ABA May Revise Law School Job Reporting

An ABA committee proposes new rules for law school employment and salary reporting.


The American Bar Association's Subcommittee on Consumer Information has issued a proposal, "Revised Standard Regarding Employment Data," on how law schools should report employment and salary data for new graduates. The proposed new reporting standards can be seen here. The proposal calls for law schools to calculate their nine-month after graduation rates based on the entire graduating class—something that U.S. News is now doing in our Best Law Schools rankings.

The new standards would also require law schools to report many different employment rates based on disaggregated data that would separate out full-time and part-time jobs where bar passage is required and a J.D. is preferred; other professional and non-professional jobs; and whether the job is law-school funded. This would be in sharp contrast to the one aggregated employment rate for both full and part-time legal and non-legal jobs that is currently used. It would also require schools to report salary data by many job types, which would be more detailed than the one overall salary figure for private and public sector jobs that is currently available.

Dean David Yellen of the Loyola University Chicago School of Law, one the members of the standards committee, told U.S. News that there were still a few more procedural steps that need to happen before this proposal can be adopted. However, Yellen thought there was a good chance that at least some of the new standards would be implemented by fall 2011 for reporting on 2010 J.D. graduates.
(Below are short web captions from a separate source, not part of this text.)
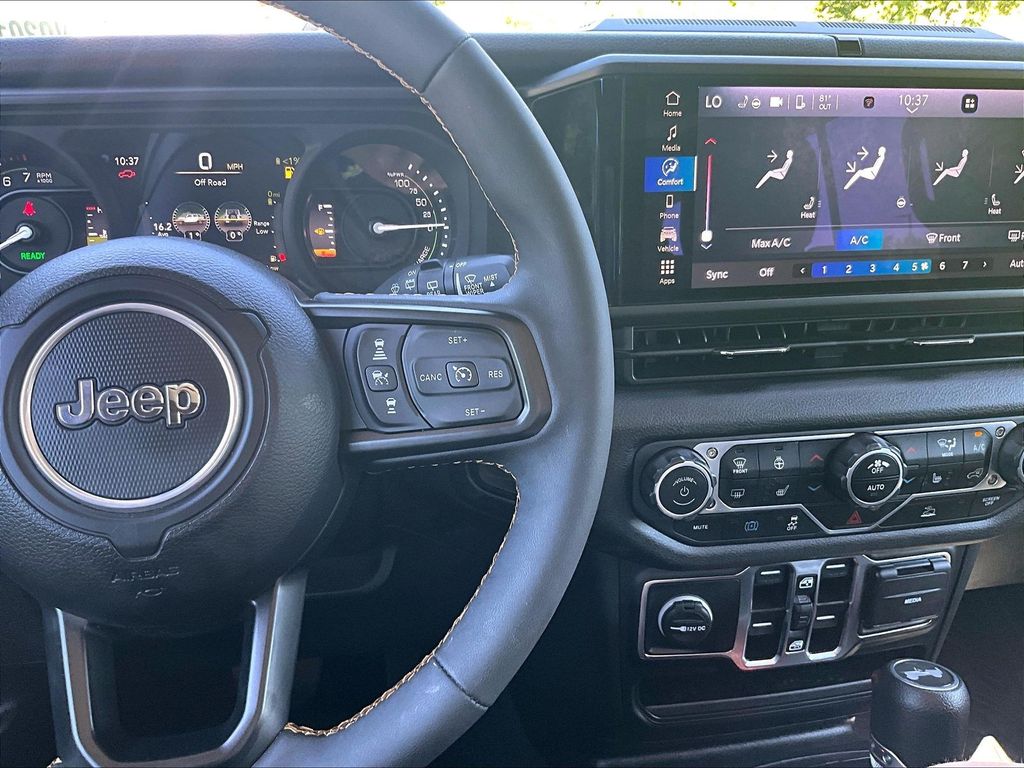 2024 Jeep Wrangler — photo 23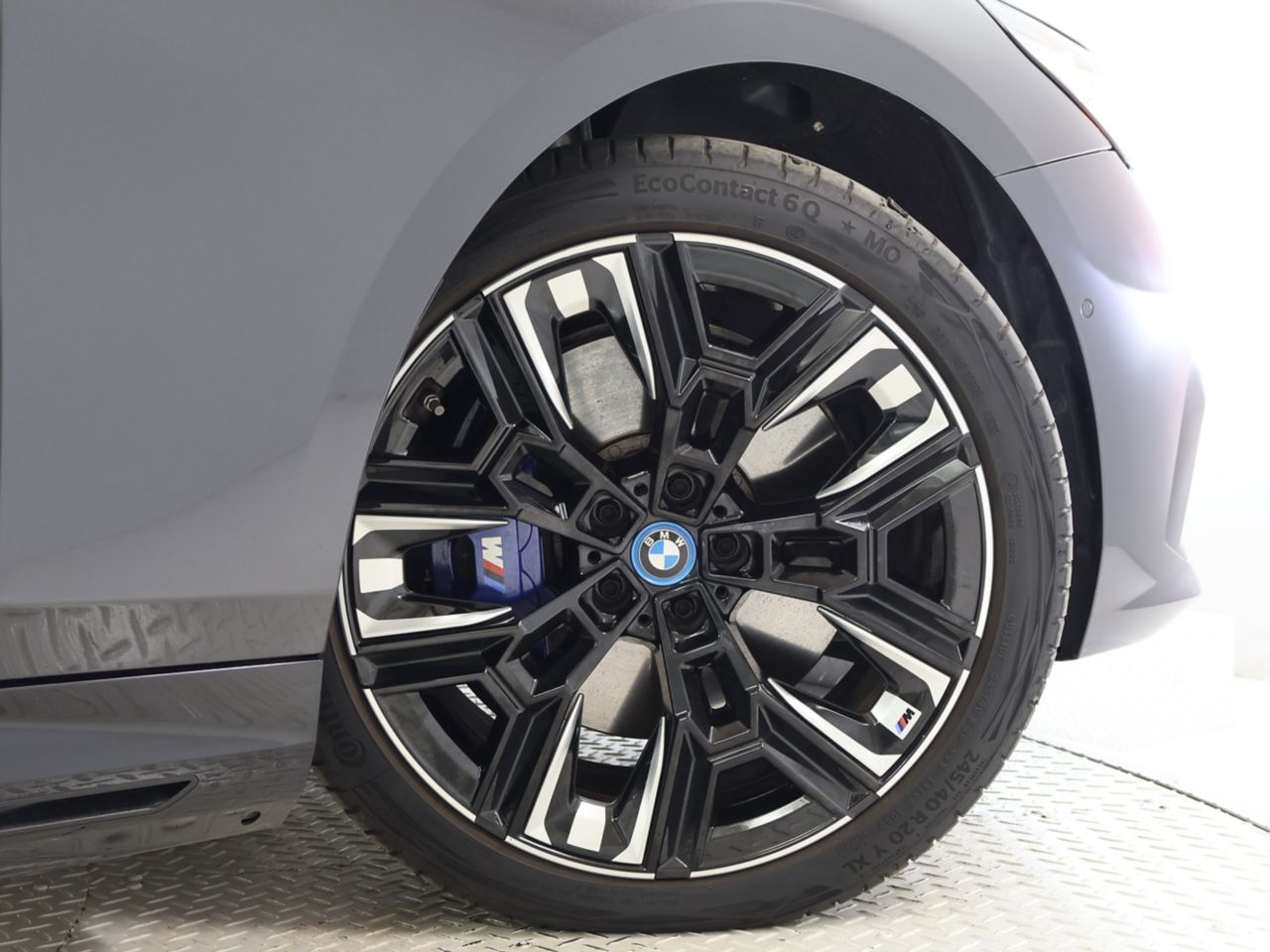 BMW i5 M60 xDrive Sedan RHD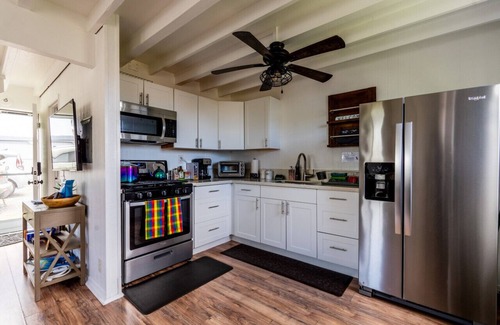 Hilo House | Somewhere Over Rainbow Loft - Hilo NEW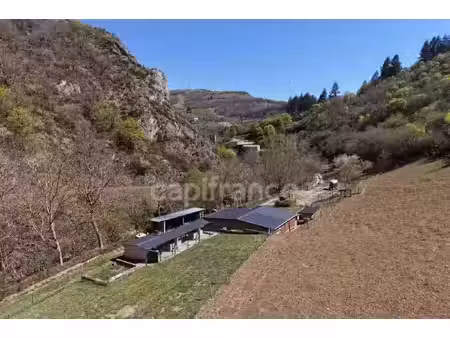 terrain à vendre brusque 203000m2 74 900€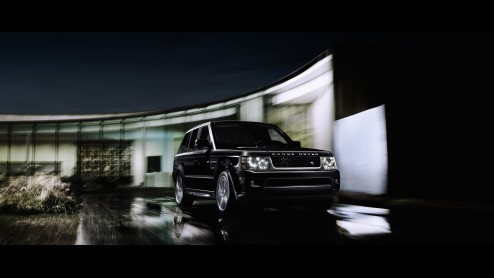 Land Rover heeft een nog luxere Range Rover Sport in de aanbieding. Deze Luxury uitvoering is gepositioneerd tussen de HSE en top-of-the-line Autobiography Sport en is voorzien van exclusieve afwerk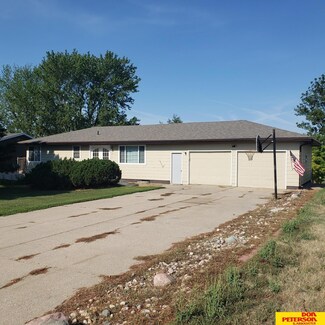 117 Sunset Dr, Coleridge, NE 68727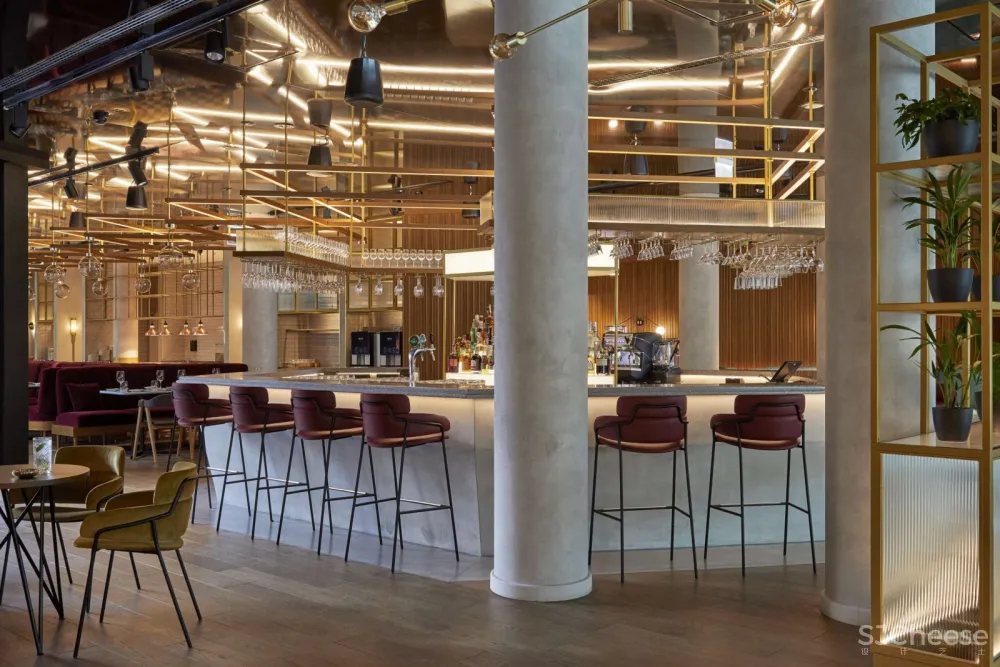 波兰现代工业的精致与活力，PURO酒店 SUPER FUTURES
[See how U.S. News is urging law deans to improve job data.]

If any of the new employment standards are implemented in fall 2011, U.S. News would collect the more detailed employment and salary data and incorporate it in the next edition of our law school rankings methodology. U.S. News believes that while this proposal does not solve all employment data issues, it would make significant improvements to the current rules. U.S. News urges the ABA to take action.
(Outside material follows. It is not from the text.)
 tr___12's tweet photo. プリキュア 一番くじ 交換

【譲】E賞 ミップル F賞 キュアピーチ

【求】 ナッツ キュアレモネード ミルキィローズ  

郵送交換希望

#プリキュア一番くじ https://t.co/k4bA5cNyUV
In the most recently published new Best Law Schools rankings, U.S. News changed the methodology for how we compute J.D. employment rates for 2009 graduates, in an initial effort to publish employment data that is more reflective of the job market for new J.D. graduates compared to our previous calculation method. In the past, new J.D.s counted as employed at graduation and at nine months out if they were working full or part time in a legal or non-legal job or pursuing additional graduate school education after their J.D.; so did 25 percent of those whose status was "unknown."

Now, both the at-graduation and nine months after employment rates are figured solely based on the number of grads working full or part time in a legal or non-legal job divided by the total number of J.D. graduates. Also, those who are not seeking employment are now counted in the calculation as part of the total number of J.D. graduates; previously, they were excluded from the size of the graduating class and the calculation. Those in graduate school don't count as employed in this year's calculation.

U.S. News believes that this calculation is a more realistic presentation of the employment data that is currently available to us.